What are the lines from the one with "7 Naegleria Fowleri [upl. by Juan]" through the end of the records below, written out exactly and without the pictures?

:: SUPPLIED RECORDS

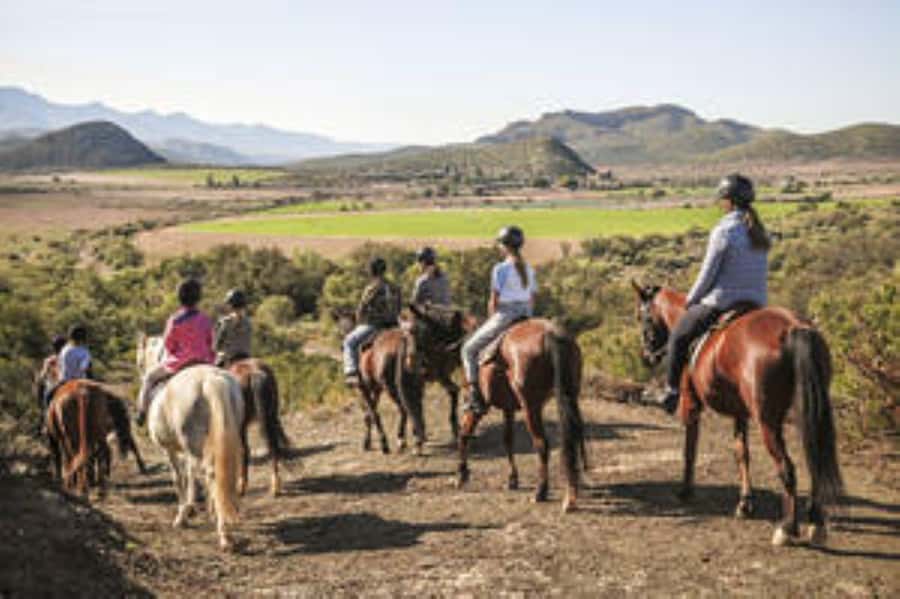 Kudu Trail Horse Riding Experience - What makes the Kudu Trail worth your time
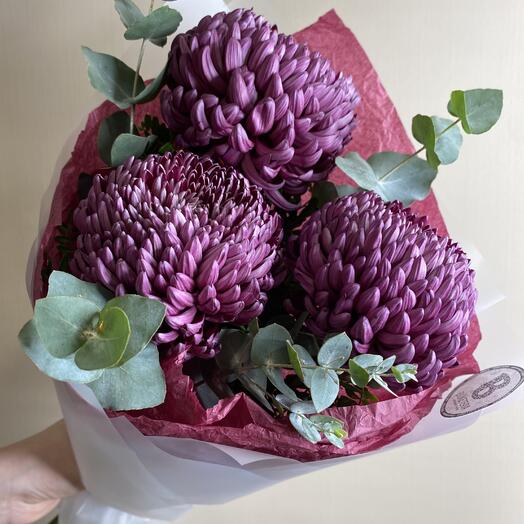 Хризантема Бигуди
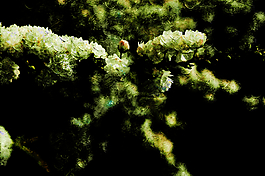 綠色系一枝花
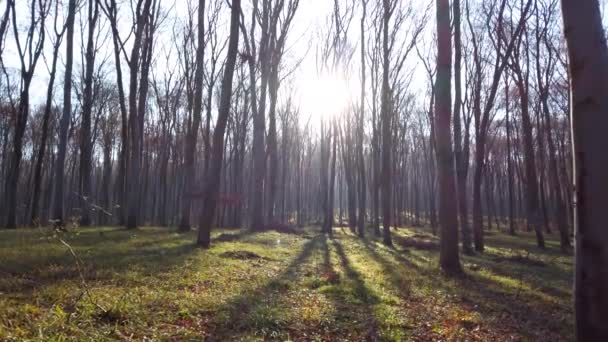 Sonbahar Ormanındaki Ağaçlar — Stok video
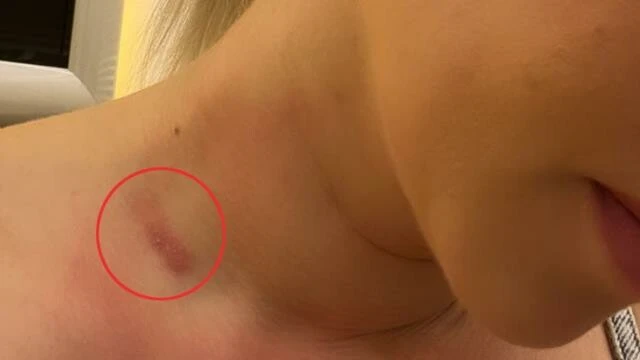 TikTok uğruna Ece Seçkin'e sahnede telefon fırlatıldı! Sosyal medyadan isyan etti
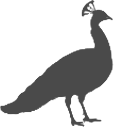 Peacock silhouette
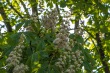 DSC_6819_1920
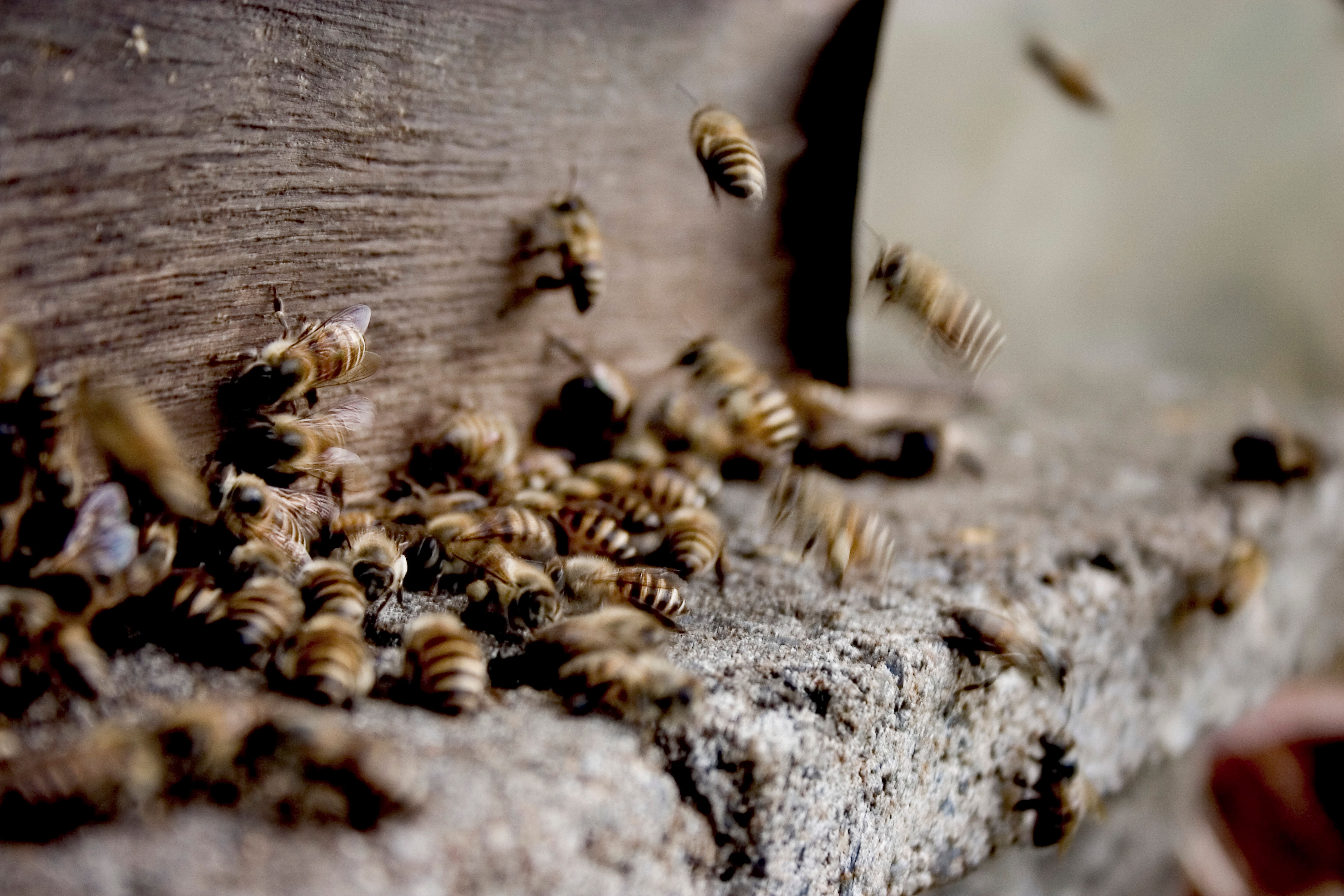 Las abejas sufren la ola de calor/ Pexels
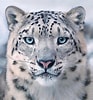 Image result for Snow Leopards. Size: 93 x 100. Source: www.reddit.com
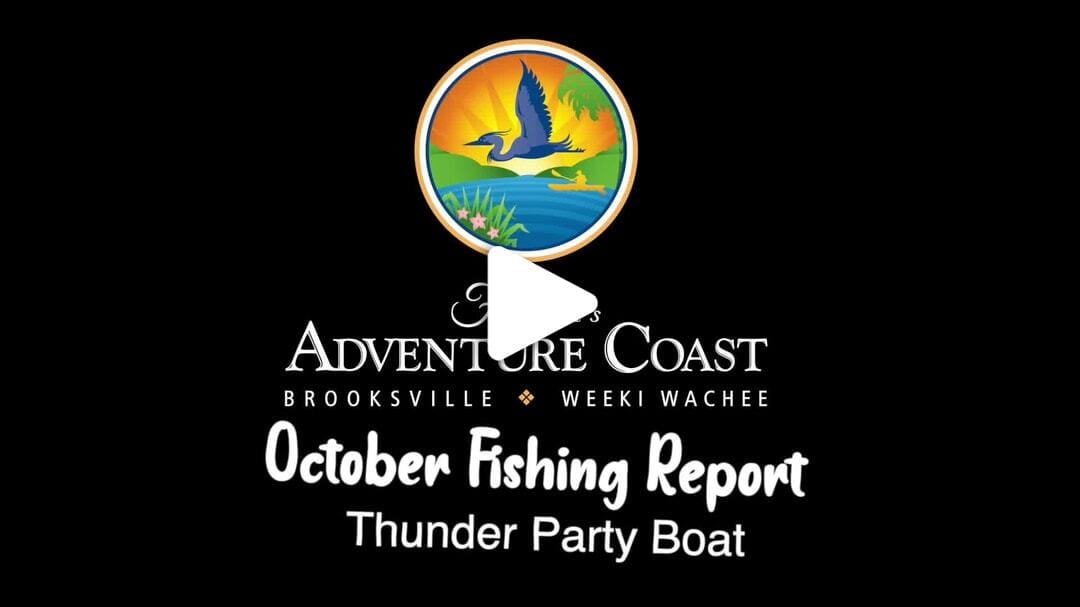 October 2023 Fishing Report with Captain Chaz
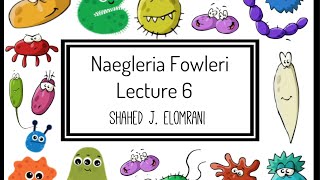 7 Naegleria Fowleri [upl. by Juan]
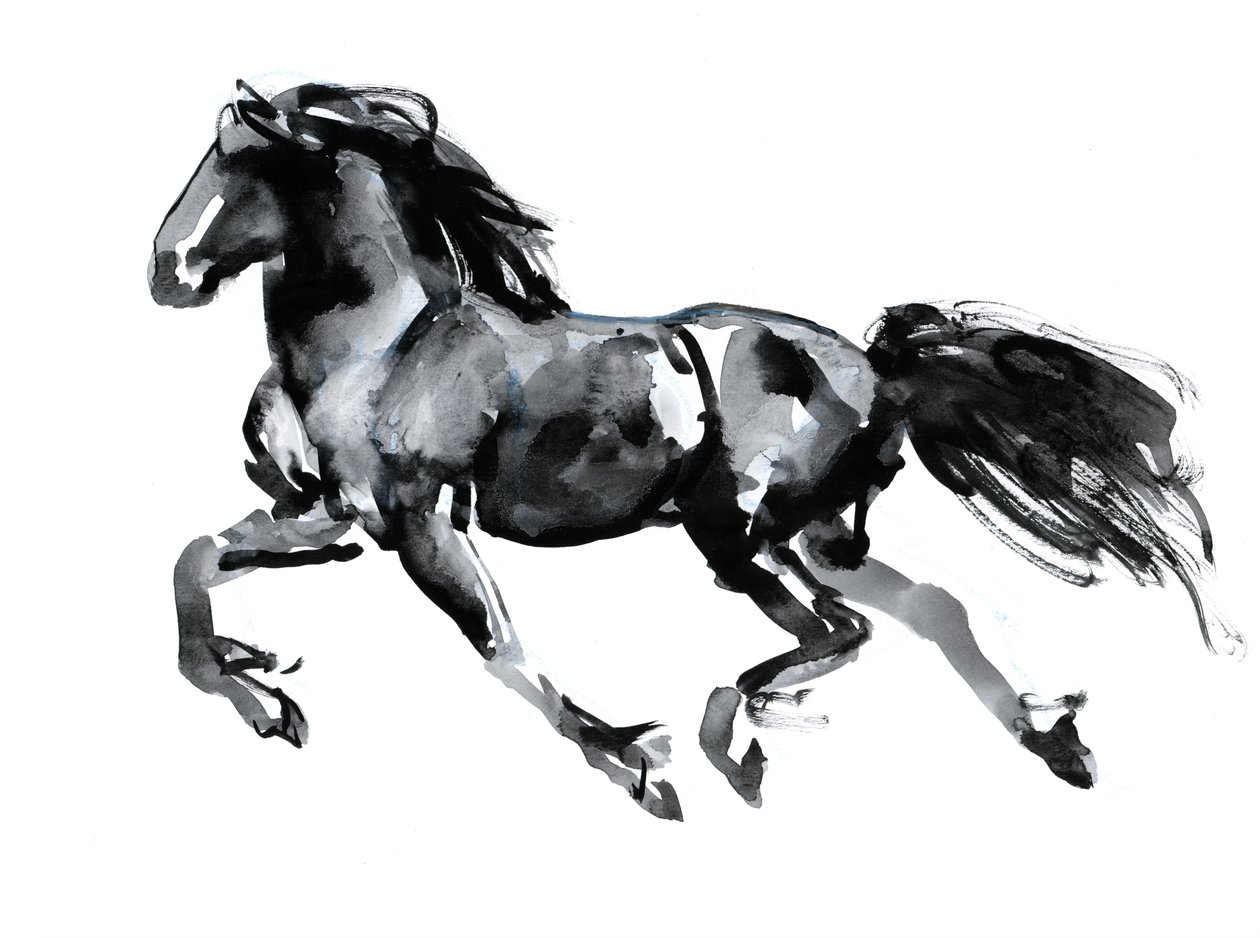 Flying Friesian, 2015, (kinesisk blæk på papir) af Mark Adlington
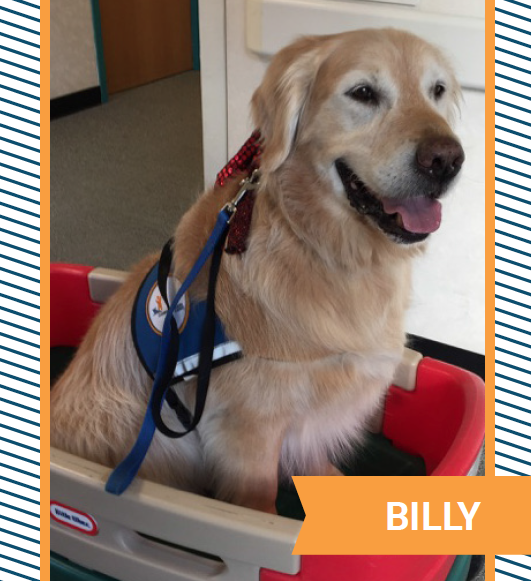billy.png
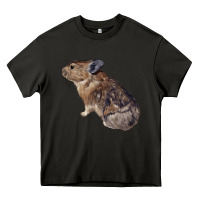 Asphalt pika Heavy Core Tee - LillyAllenDesigns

::::

■ **RESULT FOR THIS TASK**:
 7 Naegleria Fowleri [upl. by Juan]
 Flying Friesian, 2015, (kinesisk blæk på papir) af Mark Adlington
billy.png
 Asphalt pika Heavy Core Tee - LillyAllenDesigns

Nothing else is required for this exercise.